The problem: For each record that follows, restate the text exactly and drop the pictures.
━━ Extracted entries
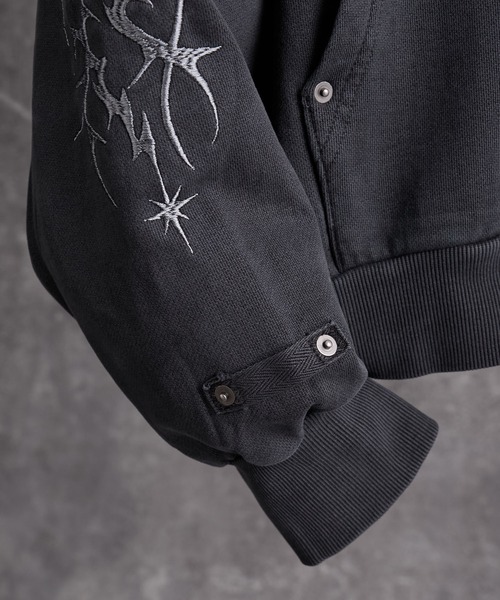 ADRER（アドラー）の「Detachable Fur Short Full-Zip Parkar / デタッチャブルファーショートフルジップパーカー（パーカー・メンズ・ブラック系1/ブラック・XS/L/M/S）」の8枚目の写真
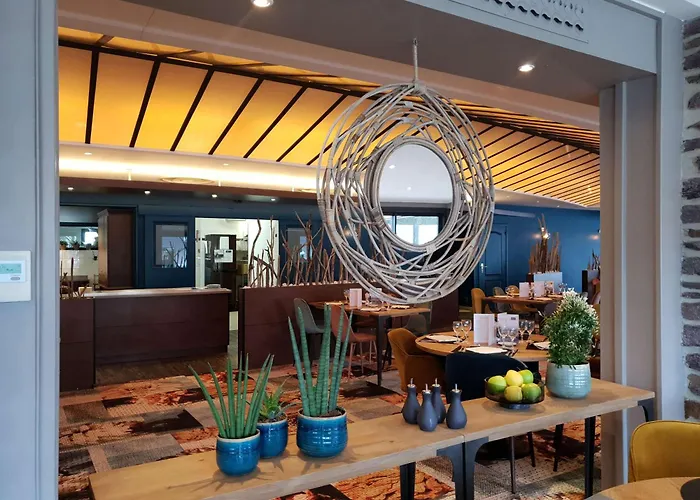 Mercure Saint Michel Hotel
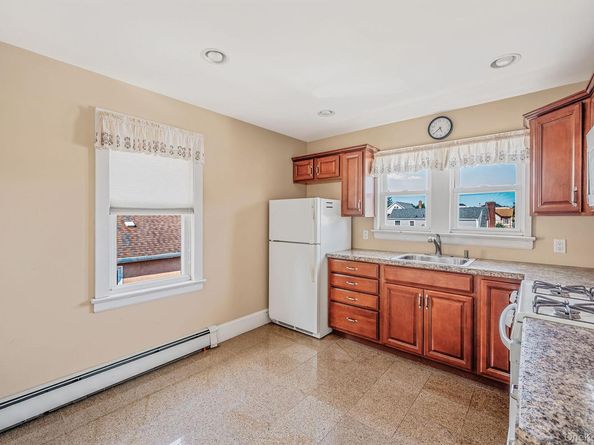 236 Jackson Avenue, Mineola NY 11501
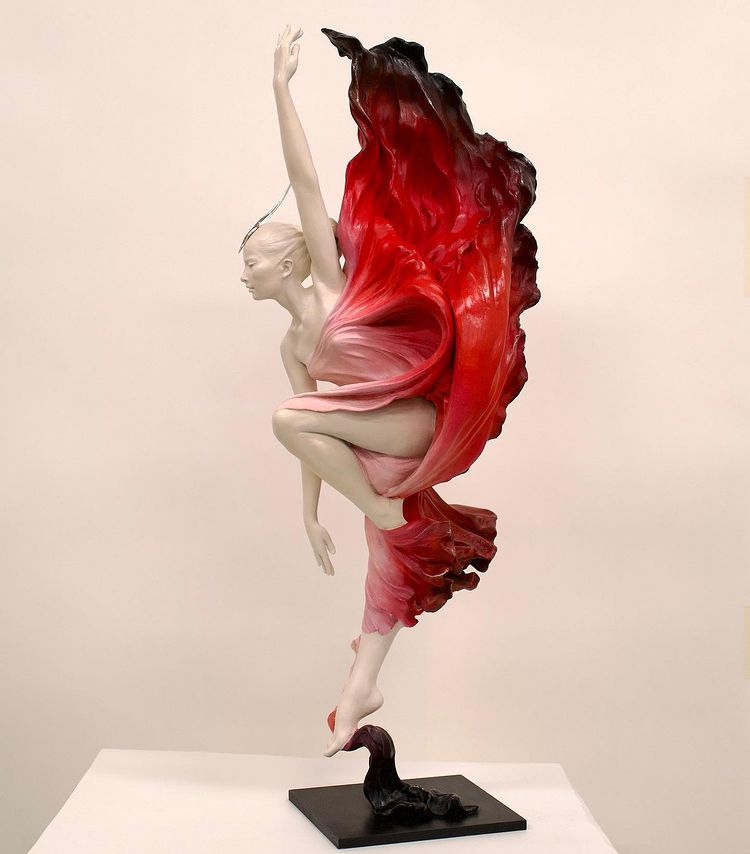 Gorgeous Sculptures Of Women In Flying Dresses By Luo Li Rong (6)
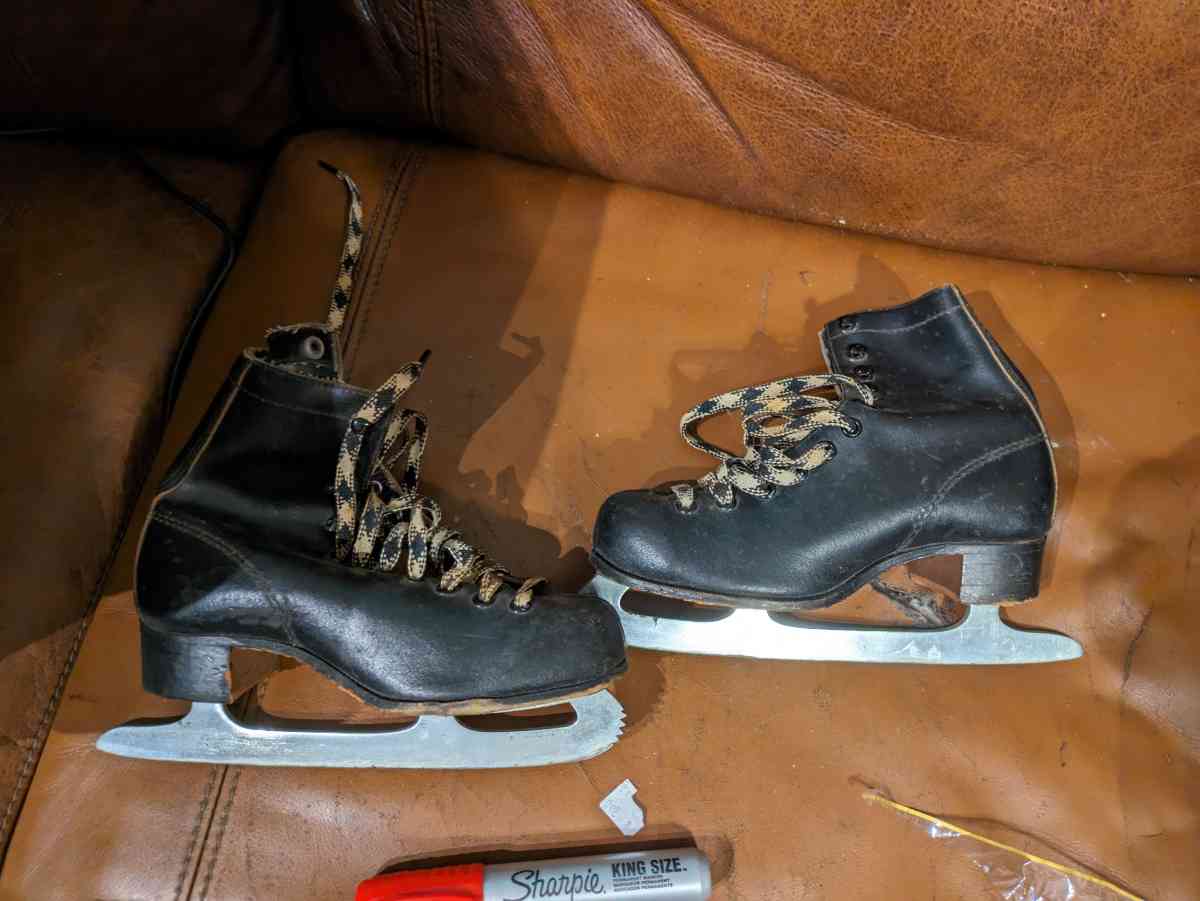 kids ice skates - Charlotte, North Carolina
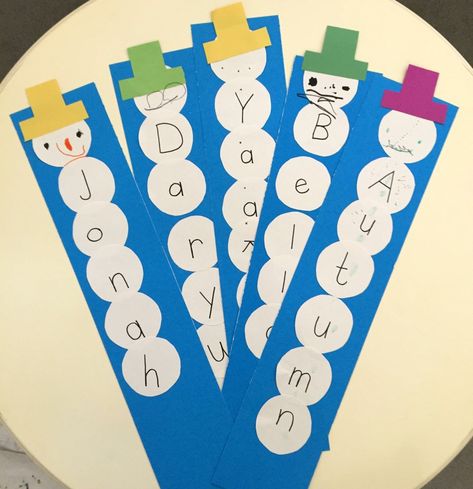 Christmas Name Activities Preschool, Snow Crafts Preschool, Snowman Name Craft, Snowman Activities, Christmas Learning Activities, Name Activities Preschool, Winter Classroom Activities, Name Christmas Tree, Tree Name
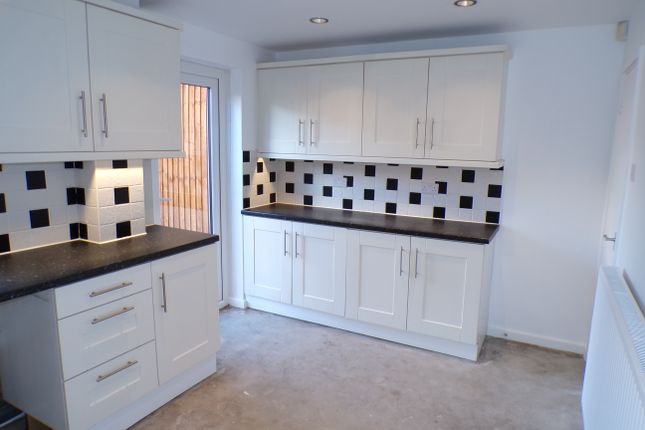 Walnut Drive, Cannock photo 5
━━━━
Solution to this exercise:
 ADRER（アドラー）の「Detachable Fur Short Full-Zip Parkar / デタッチャブルファーショートフルジップパーカー（パーカー・メンズ・ブラック系1/ブラック・XS/L/M/S）」の8枚目の写真
 Mercure Saint Michel Hotel
 236 Jackson Avenue, Mineola NY 11501
 Gorgeous Sculptures Of Women In Flying Dresses By Luo Li Rong (6)
 kids ice skates - Charlotte, North Carolina
 Christmas Name Activities Preschool, Snow Crafts Preschool, Snowman Name Craft, Snowman Activities, Christmas Learning Activities, Name Activities Preschool, Winter Classroom Activities, Name Christmas Tree, Tree Name
 Walnut Drive, Cannock photo 5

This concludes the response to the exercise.